Sunday, October 31, 2010

STREAMLINE TOWER in Las Vegas now Leasing

October 28, 2010 - ST Residential & STREAMLINE TOWER in LAS VEGAS

see http://www.stresidential.com/

(Crain’s) — Wade Hundley has set out to turn the loan portfolio that doomed Corus Bank into an investing success story — and a springboard for a new real estate business. But he’ll need some cooperation from the crippled condominium market.

The former Wall Street investment banker and casino executive took over in January as CEO of ST Residential LLC, a company formed by a group of private-equity firms that acquired a 40% stake in the $4.5-billion failed Corus portfolio a year ago.

His mission: Figuring out what to do with 102 loans made by the Chicago-based bank, many of them to condo projects around the country that went bust when the housing market crashed. The list includes a vacant 333-unit tower in the South Loop that ST may decide to convert to apartments.

But the Corus portfolio is just a starting point for ST, says Mr. Hundley. He expects the Chicago-based company to be around long after the last Corus loan is resolved, and is already scouting other distressed loans and projects to buy.

“We’re not just a liquidating concern,” he says. “We’ve really formed a company and developed a structure that we hope is going to be pretty special.”

Some of the biggest names in finance are backing him up: buyout firms Starwood Capital Group, TPG Capital, Perry Capital and WLR LeFrak, a venture including Wilbur Ross. The firms formed a joint venture with the Federal Deposit Insurance Corp. to take over the Corus loans last October.

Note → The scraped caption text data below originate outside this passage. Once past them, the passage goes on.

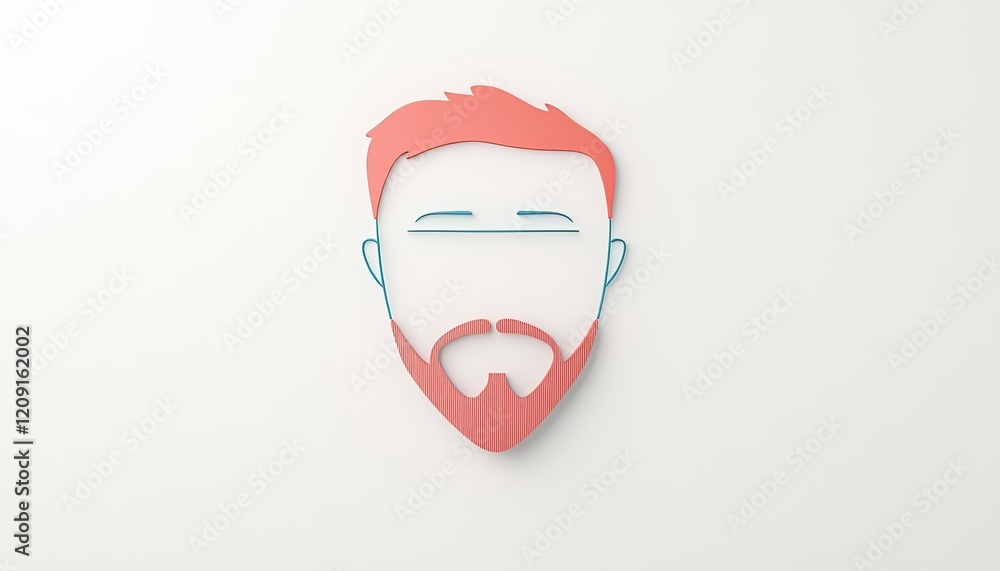 Minimalist illustration of a man's face with a pink beard and blue outlines on a white background Minimalist illustration of a man's face with a pink beard and blue outlines on a white background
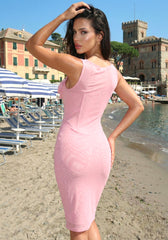 Floral Bustier Structured Midi Dress Pink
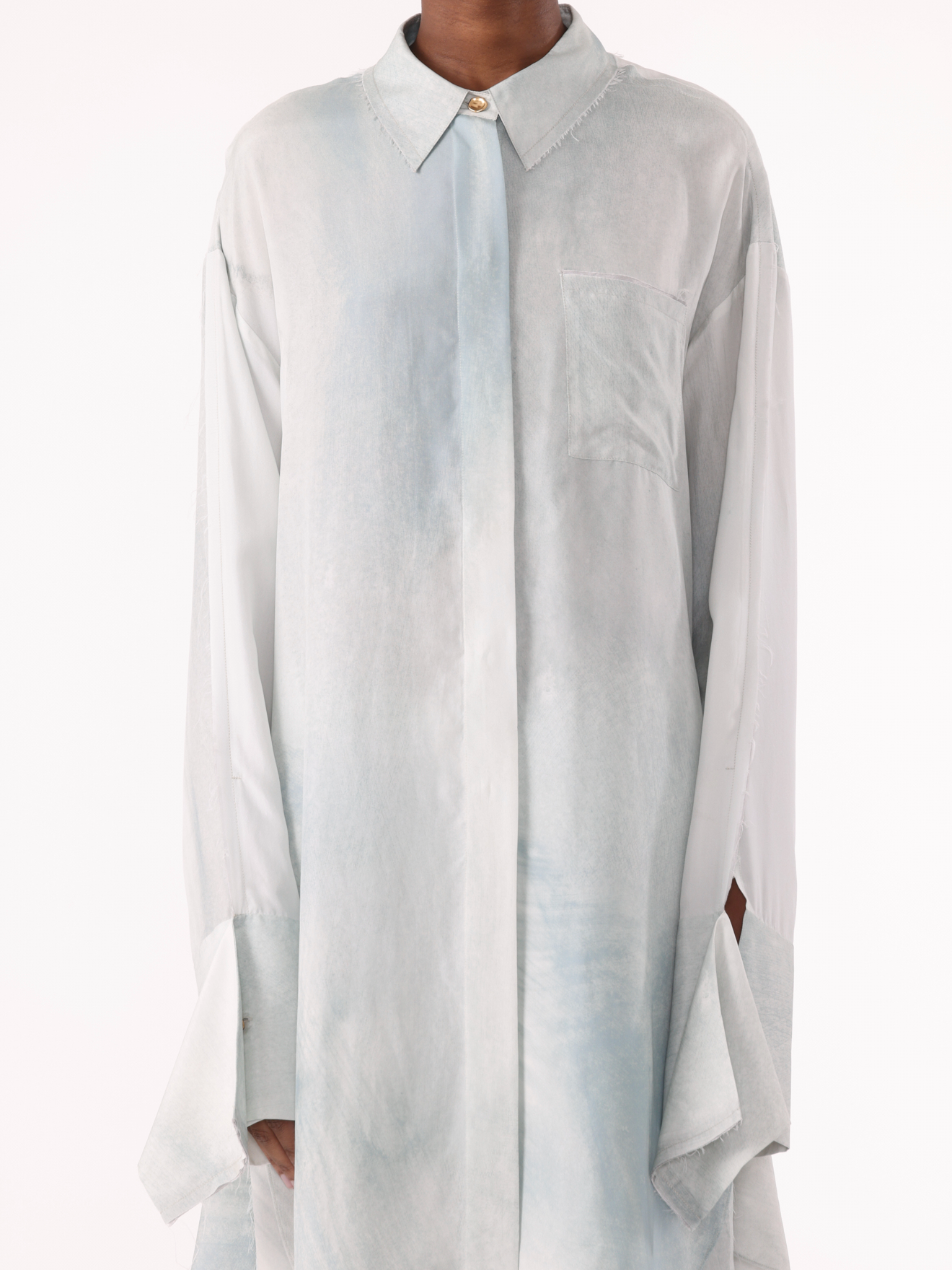 Jason Wu Collection PRE-ORDER Oversized Button-Up Shirt in Silk Habotai | Thumbnail 2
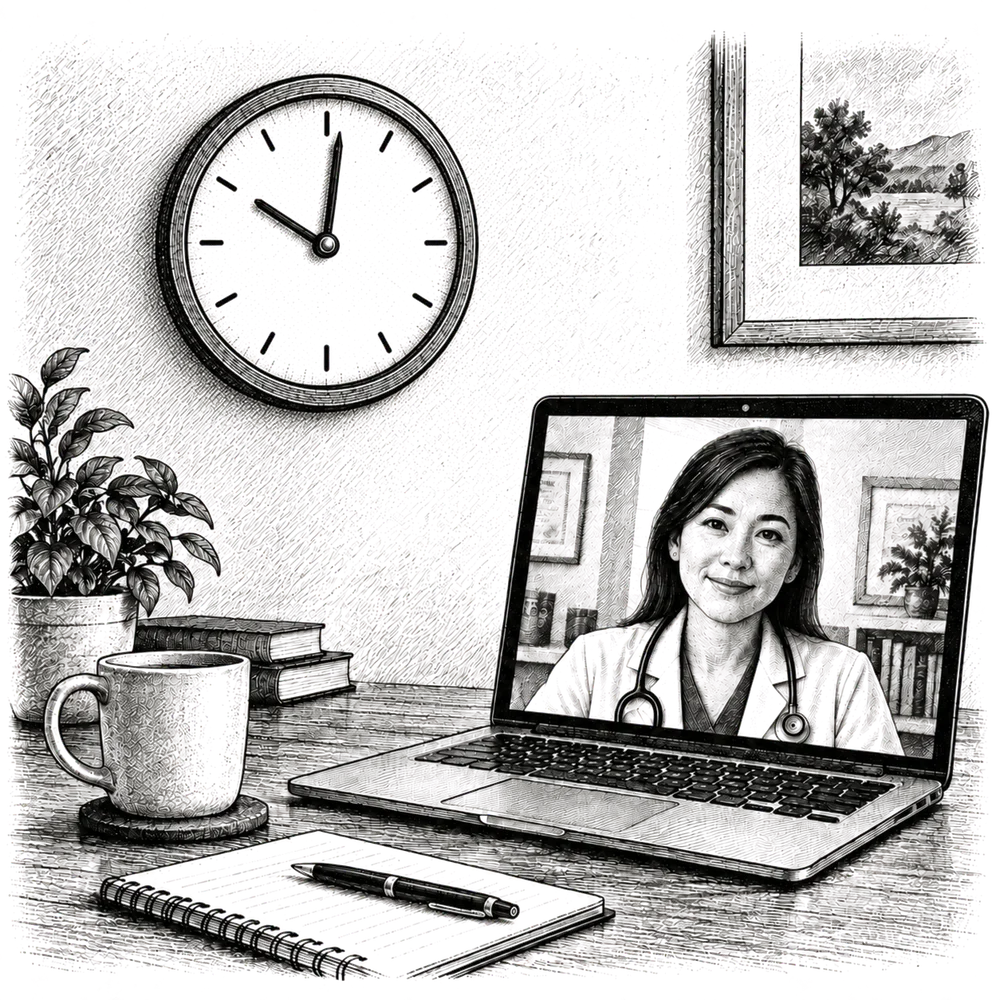Pen and ink drawing of a wall clock beside a laptop showing a doctor, the minute hand barely moved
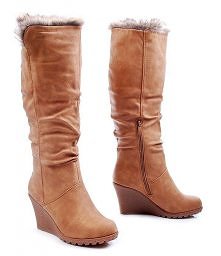 Kliknij i sprawdź modele - JUST WOMEN -  KOZAKI NA KOTURNIE Z FUTERKIEM 6675C/S3-98P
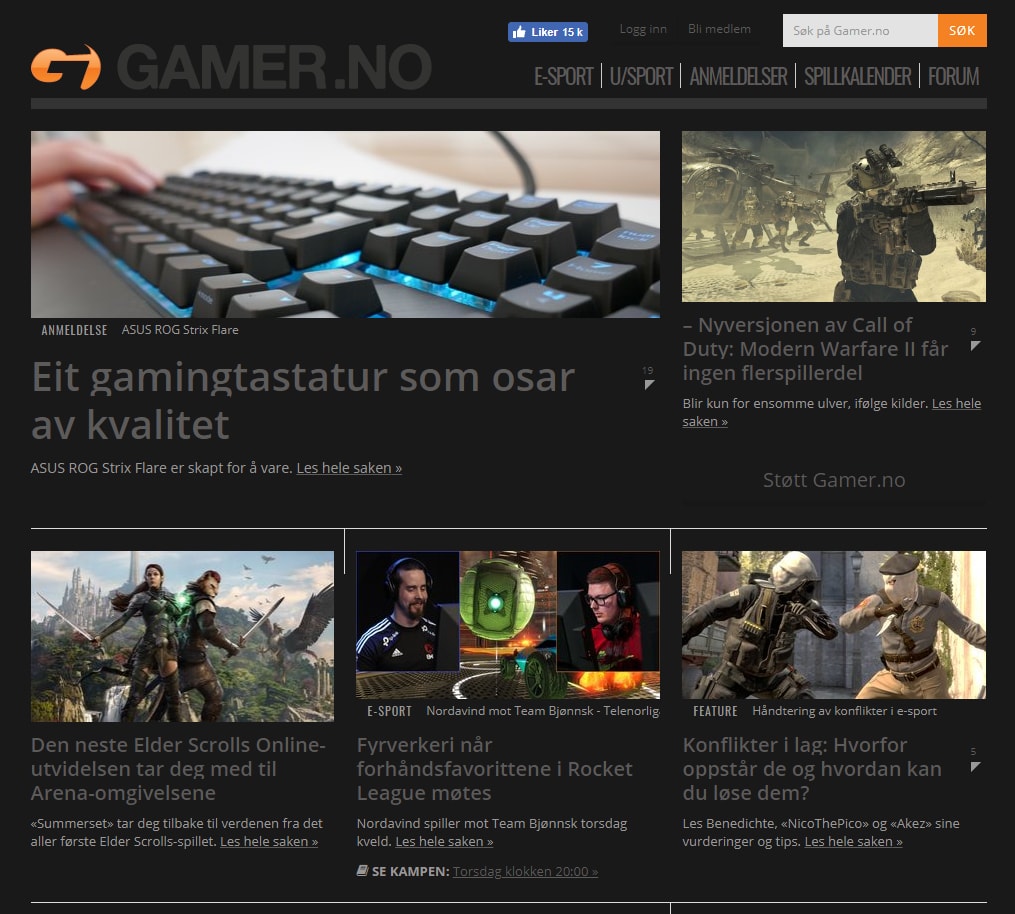 Gamer.no Dark Mode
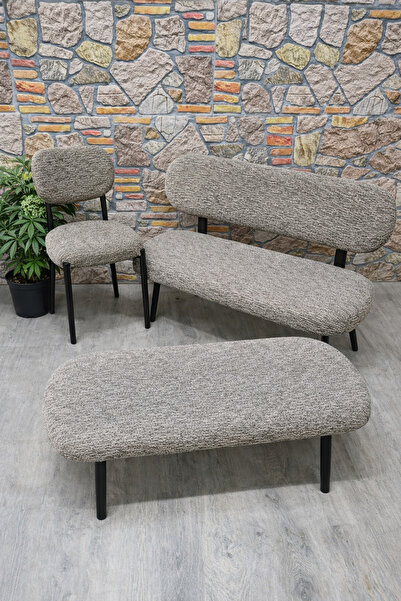 kılıfteks Bench, Pouf 1 Piece and Apple 2 Piece Jacquard Set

After reading about the transaction in the newspaper, Mr. Hundley, 44, called up his friend and TPG Partner Kelvin Davis and told him he was interested in managing the portfolio. The Oklahoma native had just spent several years in the casino industry, including three as president of Las Vegas-based Pinnacle Entertainment Inc. But he was interested in getting back into real estate, where he began his career, first as an investment banker at Merrill Lynch & Co., then at private-equity firm Colony Capital LLC, where he honed his distressed-investing skills after the real estate crash of the early 1990s.

He got the job and has been commuting two or three days a week since January from his home in Dallas to ST’s Loop headquarters, where the company employs 42 people. Almost all of them used to work for Corus, the main reason ST is based here.

They’ve spent much of the year trying to determine which delinquent loans to foreclose on and which ones to restructure. Of the original 102 loans, about 15 have been paid off or been sold, Mr. Hundley says. ST has taken over 33 properties, many through foreclosure, and about 25 loans are delinquent and either being modified or headed to foreclosure, he says. The rest are current.

Most of the Corus loans were to projects in overheated markets in California, Las Vegas, South Florida and Atlanta. ST is overseeing two mortgages here, including a $130-million construction loan on Walton on the Park, a slow-selling 201-unit project in the Gold Coast built by local developers Ronald Shipka Sr. and Richard Stein. A few months ago, ST agreed to extend the maturity date on the loan as far out as September 2012.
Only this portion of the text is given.